This is the ideological problem facing the modern MAGA movement. It cannot decide whether Trump is an infallible genius or a gullible victim of global conspiracies. When Trump does something they like, he is a strategic grandmaster operating on a plane the rest of us cannot comprehend. When he does something they don’t like, he’s a helpless pawn manipulated by shadowy elites.

It’s a remarkably flexible system.
Yet Kent’s meltdown reveals something deeper than the usual MAGA contradictions. For years, the movement cultivated a political culture steeped in grievance, paranoia, and conspiratorial thinking. Once you convince millions of people that shadowy cabals secretly control the world, it’s only a matter of time before those cabals begin acquiring familiar historical identities.
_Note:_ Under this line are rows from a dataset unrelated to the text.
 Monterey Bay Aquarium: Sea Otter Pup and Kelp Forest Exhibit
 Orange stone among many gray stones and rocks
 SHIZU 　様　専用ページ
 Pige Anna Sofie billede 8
This is not a new phenomenon. Antisemitic conspiracy theories have been the junk food of reactionary politics for centuries: cheap, satisfying, and completely devoid of nutritional value. Which is why figures like Candace Owens, Tucker Carlson, and Megyn Kelly are currently splashing around in those dank waters. Their audience wants the pure stuff. The uncut paranoia. Why stop at Soros when you can implicate an entire religion?
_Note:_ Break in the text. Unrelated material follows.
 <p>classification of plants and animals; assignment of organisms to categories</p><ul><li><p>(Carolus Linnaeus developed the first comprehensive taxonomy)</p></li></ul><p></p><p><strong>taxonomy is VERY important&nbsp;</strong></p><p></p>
Meanwhile, American bombs continue falling and the Middle East grows more unstable by the hour.
As a certified Trump-hater, I suppose I should be delighted that his coalition is fracturing. And I am. I’m just less thrilled that the crack threatening to bring the whole thing down runs along this most familiar fault line. Then again, we always knew this was coming. Hatred of their shared enemies can only hold a coalition together for so long. Yes, the white supremacists are fighting again. Forgive me for not enjoying the show.